String of partnerships underscore VMware’s campaign to diversify | #VMworld 2014
For a conference organized by the world’s largest server visualization vendor, VMworld 2014 places very little emphasis on servers. But that should hardly come as a surprise these days, given VMware Inc.’s aggressive bid to move beyond its hypervisor roots and up the enterprise food chain with value-added capabilities. Nowhere is that push more evident than in the VMware ecosystem, the company’s revenue lifeline, which saw a string of major partnership announcements on the first day of the event underscoring its push to diversify software sales.
In the public cloud, VMware revealed a three-way alliance with some of the hottest names in the industry aimed at providing support for applications leveraging the Docker container engine, which is considered a threat to VMware’s virtualization platform on its public cloud.
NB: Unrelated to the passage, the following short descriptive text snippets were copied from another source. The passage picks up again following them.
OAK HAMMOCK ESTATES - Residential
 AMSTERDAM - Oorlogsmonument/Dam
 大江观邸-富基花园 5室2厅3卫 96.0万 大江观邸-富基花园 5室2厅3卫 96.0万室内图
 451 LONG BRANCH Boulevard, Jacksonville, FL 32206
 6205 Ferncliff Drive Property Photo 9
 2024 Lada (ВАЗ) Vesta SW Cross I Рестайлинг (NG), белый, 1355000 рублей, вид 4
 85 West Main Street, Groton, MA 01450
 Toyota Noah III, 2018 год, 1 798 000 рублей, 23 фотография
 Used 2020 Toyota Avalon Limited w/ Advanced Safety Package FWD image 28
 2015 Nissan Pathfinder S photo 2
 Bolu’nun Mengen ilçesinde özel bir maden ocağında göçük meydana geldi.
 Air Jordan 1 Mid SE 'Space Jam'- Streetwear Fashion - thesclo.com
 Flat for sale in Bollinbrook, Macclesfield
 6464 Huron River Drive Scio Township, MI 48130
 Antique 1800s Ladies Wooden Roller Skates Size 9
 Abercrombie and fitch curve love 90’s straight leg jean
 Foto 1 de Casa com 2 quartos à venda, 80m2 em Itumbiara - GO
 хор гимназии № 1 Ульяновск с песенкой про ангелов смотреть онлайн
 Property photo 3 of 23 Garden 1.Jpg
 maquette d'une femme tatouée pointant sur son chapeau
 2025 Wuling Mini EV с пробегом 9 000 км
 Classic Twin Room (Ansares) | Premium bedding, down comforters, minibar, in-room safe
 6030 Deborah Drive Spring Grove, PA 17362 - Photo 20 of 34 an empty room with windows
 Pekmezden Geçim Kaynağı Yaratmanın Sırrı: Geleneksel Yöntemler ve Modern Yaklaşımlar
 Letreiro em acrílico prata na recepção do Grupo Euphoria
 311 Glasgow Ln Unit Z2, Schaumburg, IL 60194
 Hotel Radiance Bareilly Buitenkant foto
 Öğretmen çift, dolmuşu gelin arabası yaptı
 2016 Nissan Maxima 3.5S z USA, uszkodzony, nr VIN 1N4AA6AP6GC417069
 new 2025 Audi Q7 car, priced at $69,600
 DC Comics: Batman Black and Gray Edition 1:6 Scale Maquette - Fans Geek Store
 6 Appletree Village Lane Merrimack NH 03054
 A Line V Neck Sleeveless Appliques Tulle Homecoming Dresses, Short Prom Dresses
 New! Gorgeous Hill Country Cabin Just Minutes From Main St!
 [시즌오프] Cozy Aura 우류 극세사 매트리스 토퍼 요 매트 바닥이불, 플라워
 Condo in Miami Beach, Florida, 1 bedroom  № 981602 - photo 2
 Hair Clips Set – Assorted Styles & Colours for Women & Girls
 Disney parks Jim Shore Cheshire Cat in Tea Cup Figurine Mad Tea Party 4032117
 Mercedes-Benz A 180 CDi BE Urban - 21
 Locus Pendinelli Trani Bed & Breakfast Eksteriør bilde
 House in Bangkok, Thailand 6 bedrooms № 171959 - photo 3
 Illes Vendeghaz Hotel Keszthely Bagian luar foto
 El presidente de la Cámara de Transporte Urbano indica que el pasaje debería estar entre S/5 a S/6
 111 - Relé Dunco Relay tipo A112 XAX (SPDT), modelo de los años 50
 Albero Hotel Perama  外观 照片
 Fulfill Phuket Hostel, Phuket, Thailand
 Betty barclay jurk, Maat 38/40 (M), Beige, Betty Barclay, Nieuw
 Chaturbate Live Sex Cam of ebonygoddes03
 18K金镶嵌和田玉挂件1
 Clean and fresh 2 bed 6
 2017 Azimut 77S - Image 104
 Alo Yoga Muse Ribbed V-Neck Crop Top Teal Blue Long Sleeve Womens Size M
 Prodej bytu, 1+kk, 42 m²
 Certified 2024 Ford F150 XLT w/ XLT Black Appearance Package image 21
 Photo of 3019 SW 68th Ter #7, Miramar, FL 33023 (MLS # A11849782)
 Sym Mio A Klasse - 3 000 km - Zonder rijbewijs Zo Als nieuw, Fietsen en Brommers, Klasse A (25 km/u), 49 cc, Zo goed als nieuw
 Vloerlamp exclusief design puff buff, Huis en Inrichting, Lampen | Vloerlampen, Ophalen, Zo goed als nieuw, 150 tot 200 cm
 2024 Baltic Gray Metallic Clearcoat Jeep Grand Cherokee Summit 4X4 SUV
The company will collaborate directly with Docker Inc. to provide compatibility across both off- and on-premise customer environments and also work with fellow EMC Corp. subsidiary Pivotal Inc. and Google to extend integration to some of the more popular third party tools for the project. Included on the list are the search giant’s recently released Kubernetes management software, the homegrown Warden container provisioning utility for Cloud Foundry and a number of open-source libraries.
At the same time, Delphix Inc., made its flagship Virtual Data Platform available on VMware’s vCloud Air (formerly vCloud Hybrid Service). The product, which is used by IBM, eBay Inc. and several other technology heavy-hitters, enables users to create a so-called master copy of a given workload and deliver that image on-demand instead of creating duplicates for every team that may require access to that application. The firm claims that the solution can shave up to 90 percent off hardware costs, which makes it complementary to the pay-as-you-go model of the public cloud.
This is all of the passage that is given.